A cup of mastery, a dash of diversity, and a whole lot of iPhones
All the news, rumors, and tips you missed this week.
By David Price, Editor, MacworldJAN 29, 2022 2:00 am PST
Welcome to the new home for Apple Breakfast! If you’re a reader of Macworld’s UK site, you’ll recognize this column that will now appear on Macworld.com every Saturday. If you’re new, this is our weekly collection of all the Apple news you missed this week, in a handy bite-sized roundup. We call it Apple Breakfast because we think it goes great with a morning cup of coffee or tea, but it’s cool if you want to give it a read during lunch or dinner hours too.
It’s that time again: Apple this week announced its quarterly earnings, giving pundits a chance to gloat, weep or prognosticate on the future of the industry.
We had inklings beforehand, thanks to enthusiastic analysts, that this was going to be an earnings report to remember. And, sure enough, Apple broke nearly all the records it set last year, regained its smartphone crown in China, and recorded growth in every segment except for iPads. It was a phenomenal performance.

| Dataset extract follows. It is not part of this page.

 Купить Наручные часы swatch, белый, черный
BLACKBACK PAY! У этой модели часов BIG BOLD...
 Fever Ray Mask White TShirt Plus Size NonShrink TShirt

The truly impressive thing, however, was the context in which all this was achieved. Apple had warned at the last earnings call that shortages and delays would plague its most important quarter, and there’s little evidence to suggest that Tim Cook was just managing expectations: analysts agreed, for one thing, and we saw the shortages with our own eyes when we went hunting for Black Friday deals in November. The chip shortage took a toll this quarter, and Apple still made historical quantities of cash.
Partly this is a function of diverse revenue streams, something which Apple has worked hard on in recent years and which limits the damage the chip shortage was able to cause. Accessories and wearables escaped unscathed, as seemingly did the Mac, but in the long term the most important win could prove to be Services. One day, perhaps, Apple will be known for selling software and services more than for selling hardware.

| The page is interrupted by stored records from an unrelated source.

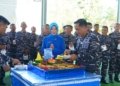 29 Tahun Mengabdi, Lanal Kotabaru Perkuat Pengamanan Laut Kotabaru-Tanah Bumbu dan Tingkatkan Sinergi dengan Masyarakat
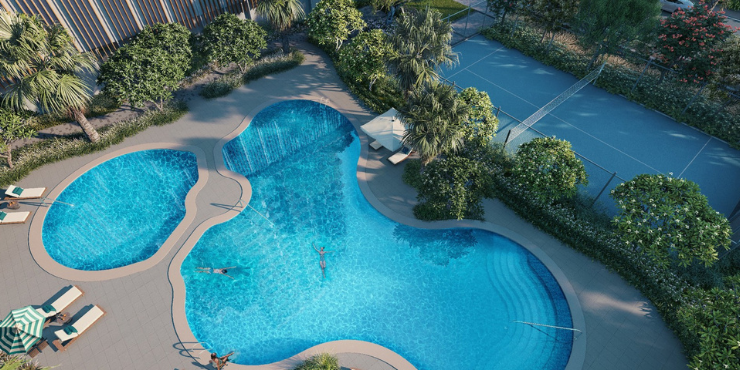 Al Hamra Waterfront Tower E in Al Hamra Village, Ras Al Khaimah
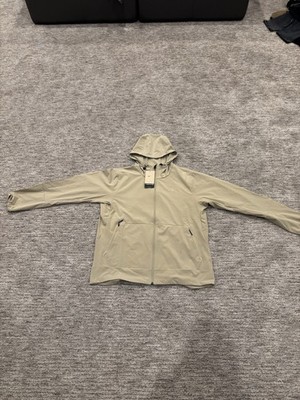 Nike Pro Flex Vent Max Dri-FIT Winterized Fitness Jacket Brown Tan Size Small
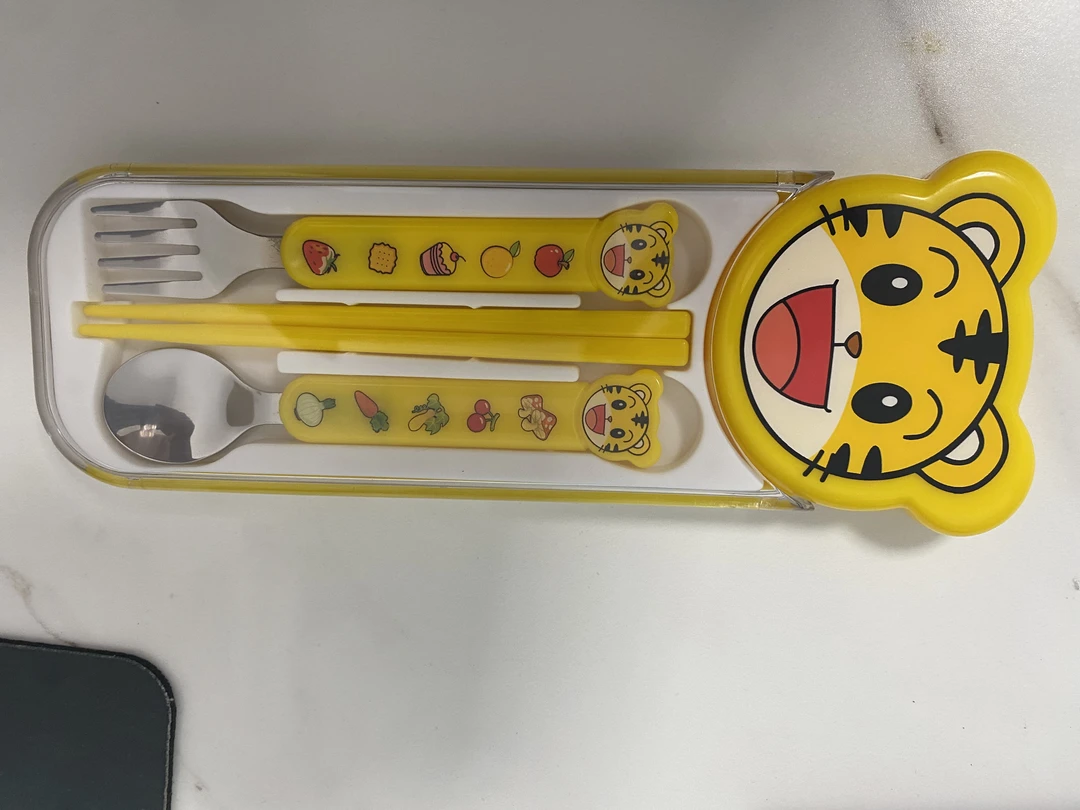 巧虎儿童餐具套装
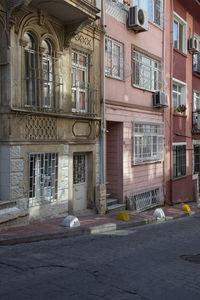 Street amidst buildings in city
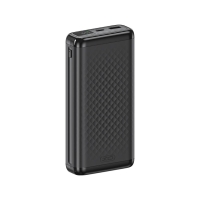 XO Power Bank 20000 mAh, 22.5W, black - PB309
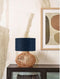 GOOD&MOJO Tafellamp Kalahari - Denim/Rotan - Ø32cm - Modern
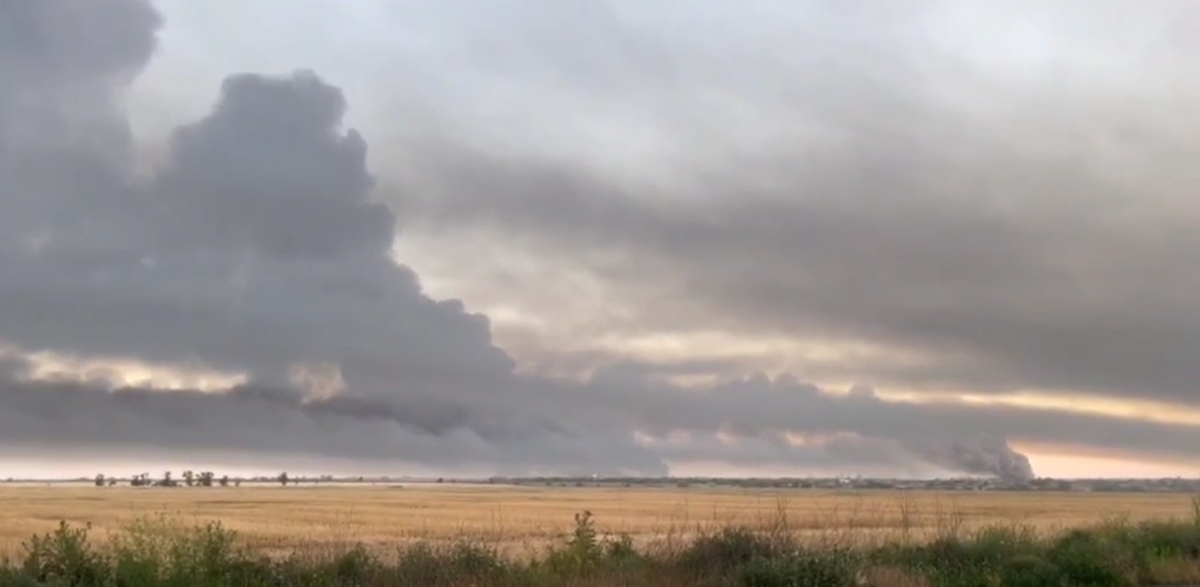 У Мелітополі у окупантів сталася "бавовна" / фото "РІА Мелітополь" У Мелітополі у окупантів сталася "бавовна" / фото "РІА Мелітополь"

But we’re not quite there yet. Because the other part of the equation is the era-defining success story that is the iPhone, a device that came here to chew bubblegum and generate unprecedented customer demand, and is all out of bubblegum. Apple put in the hard work early on by marketing the iPhone lifestyle (creativity, affluence, privacy, ease of use) rather than any individual iPhone handset, and now reaps the reward in the form of mega demand for even incremental upgrades, and even long after pundits predicted it would have saturated the market.

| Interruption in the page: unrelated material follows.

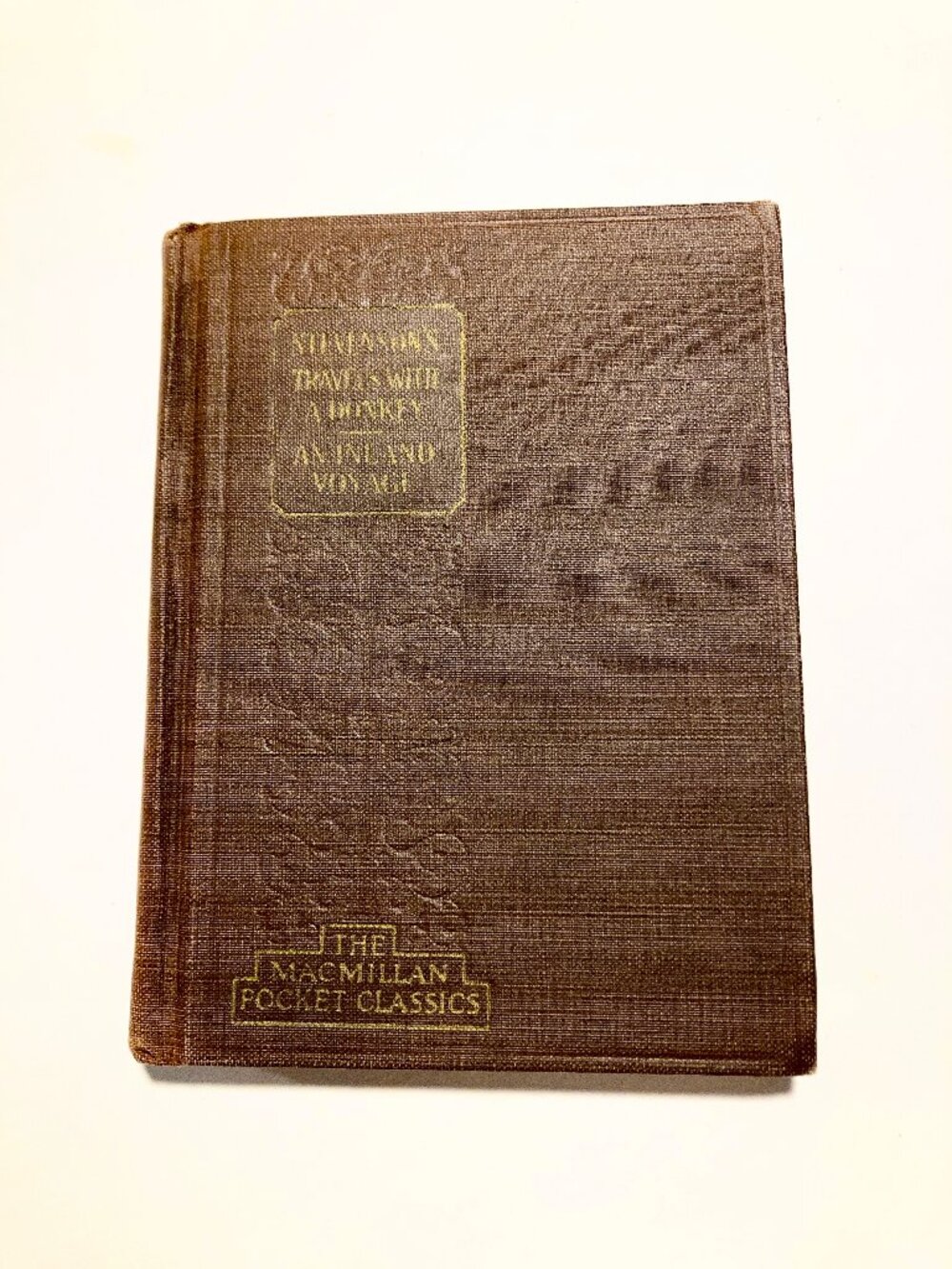 “Travels with a Donkey in the Cevennes” by Robert Louis Stevenson, Antique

Apple could have sold even more iPhones than it did–Cook didn’t put a hard figure on this but noted that the overall shortfall was greater than the $6 billion from last year–and the fact it shifted as many units as it did is testament to the unsung mastery of the company’s logistics operation, and presumably, a few favors called in via intense phone calls. (It may also have been about priorities to a certain extent. In the Q&As, Cook implied that Apple may have sacrificed some iPad supply to prioritize the iPhone, although he denied this was a significant factor.)
So it’s all good at Cupertino for another quarter. Although Jason Snell was left wondering where the company is headed – which is one of the problems caused when you keep breaking your own records. Time to manage expectations, perhaps.
With news breaking that Apple TV+ crept up to a feeble 5% market share in the US last quarter, David Price explains how Apple can beat Netflix – if it will only change strategy now. The key is to stop obsessing over original programming and embrace the rerun.
Communication should be the iPhone’s strongest suit, but it’s not. Dan Moren has some ideas on how it could be.
Peloton is struggling. Maybe Apple can help out by sliding in with an offer that can’t be refused.
The Macalope has issues with everyone’s folding phone strategy—except Apple’s that is.
Apple’s run-in with the Dutch competition authority continues to drag on. Earlier this month the company grudgingly agreed to let developers of dating apps use alternative payment methods, but apparently, that won’t do. A fine of €5m will be levied every week until Apple finishes its homework properly.